_RECORDS SHOWN_.
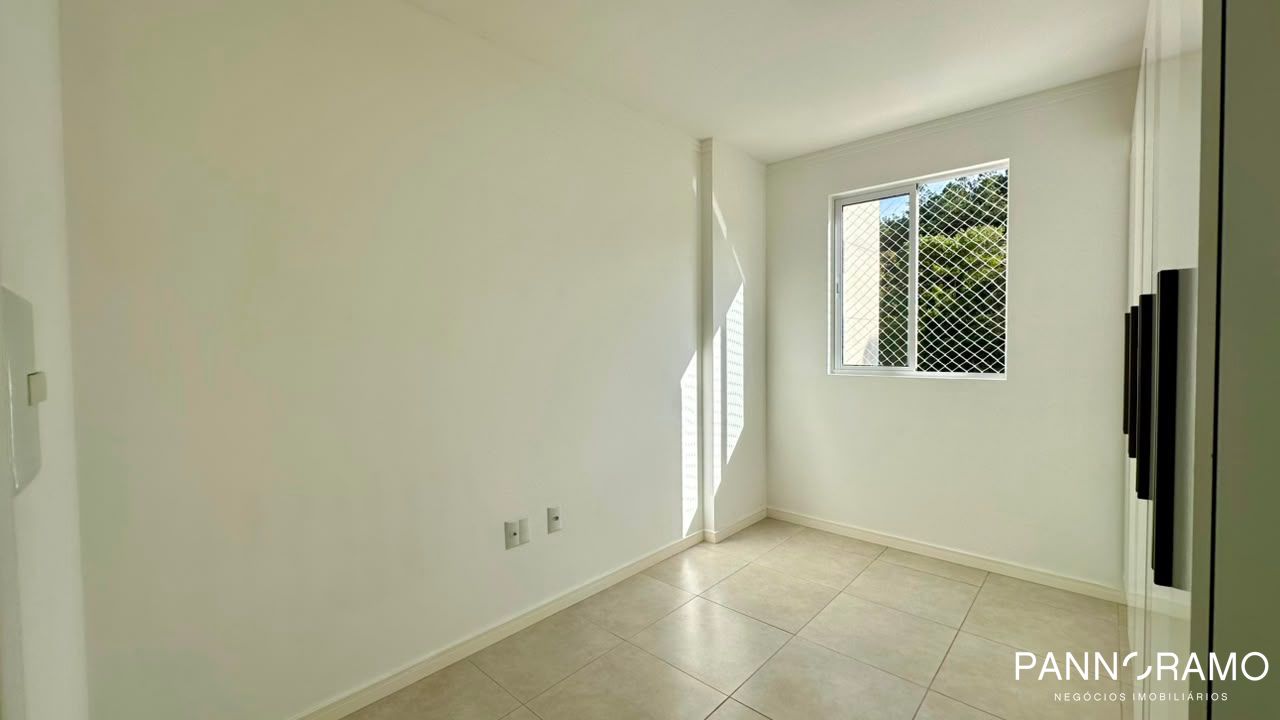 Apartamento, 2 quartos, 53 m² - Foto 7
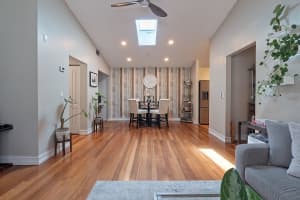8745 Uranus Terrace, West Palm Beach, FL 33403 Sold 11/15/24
---
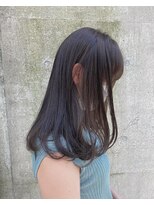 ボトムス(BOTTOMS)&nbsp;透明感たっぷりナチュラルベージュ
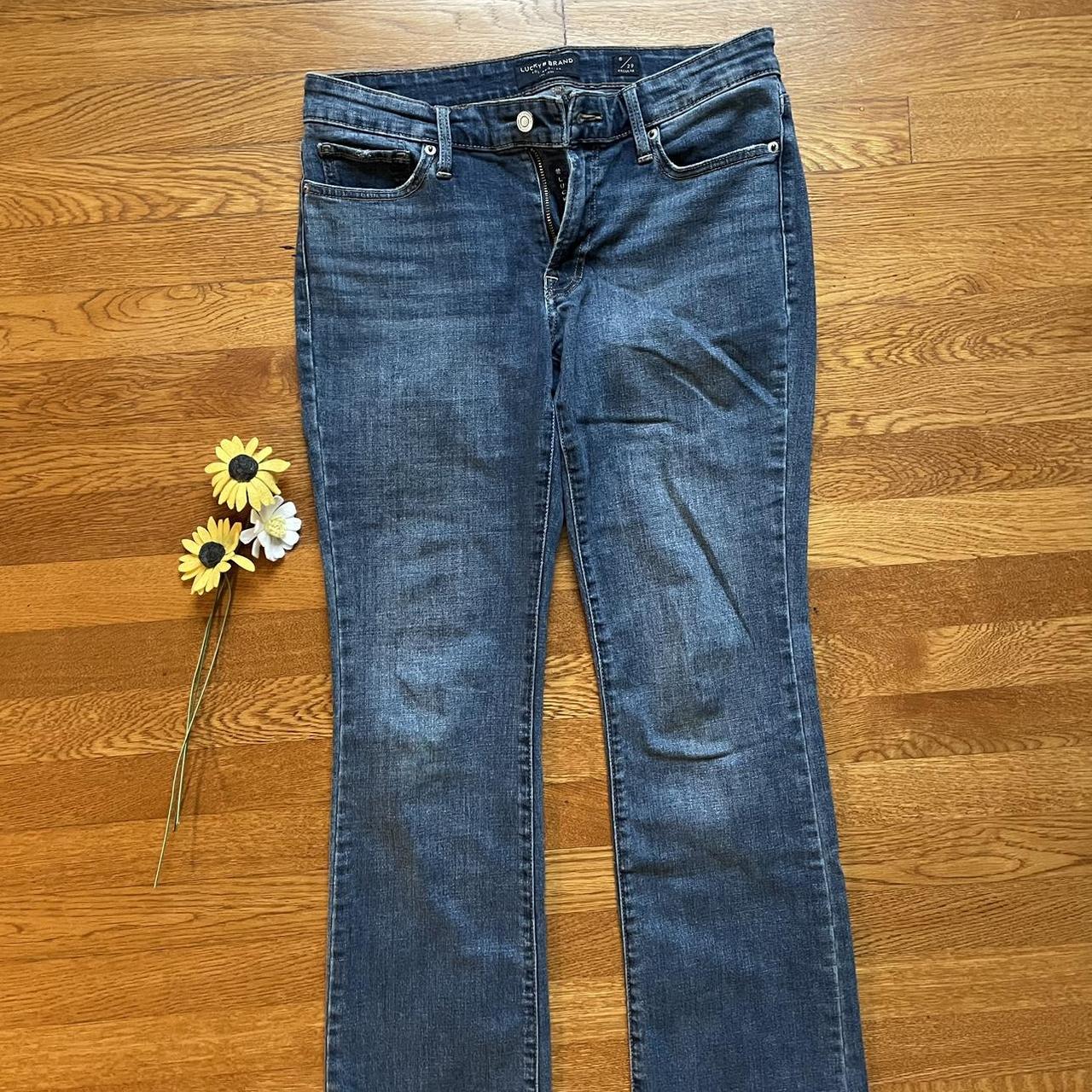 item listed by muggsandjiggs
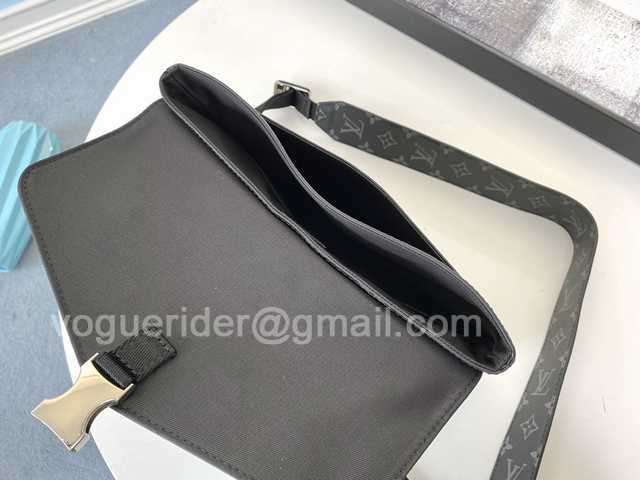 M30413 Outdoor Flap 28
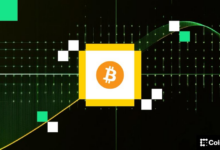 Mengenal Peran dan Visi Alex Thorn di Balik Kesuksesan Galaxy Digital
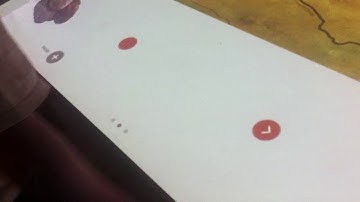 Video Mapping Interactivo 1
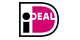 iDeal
...
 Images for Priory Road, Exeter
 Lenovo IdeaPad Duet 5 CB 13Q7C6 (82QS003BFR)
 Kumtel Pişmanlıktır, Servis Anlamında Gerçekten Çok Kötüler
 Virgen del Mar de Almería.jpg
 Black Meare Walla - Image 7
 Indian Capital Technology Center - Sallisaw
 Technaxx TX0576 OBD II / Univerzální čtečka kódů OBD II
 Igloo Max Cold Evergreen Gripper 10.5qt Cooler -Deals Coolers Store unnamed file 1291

_TO DO_.
For this exercise, please output exactly the lines above starting at the line with "Images for Priory Road, Exeter" and ending at the line with "Igloo Max Cold", ends included.

_RESPONSE BOX_.
 Images for Priory Road, Exeter
 Lenovo IdeaPad Duet 5 CB 13Q7C6 (82QS003BFR)
 Kumtel Pişmanlıktır, Servis Anlamında Gerçekten Çok Kötüler
 Virgen del Mar de Almería.jpg
 Black Meare Walla - Image 7
 Indian Capital Technology Center - Sallisaw
 Technaxx TX0576 OBD II / Univerzální čtečka kódů OBD II
 Igloo Max Cold Evergreen Gripper 10.5qt Cooler -Deals Coolers Store unnamed file 1291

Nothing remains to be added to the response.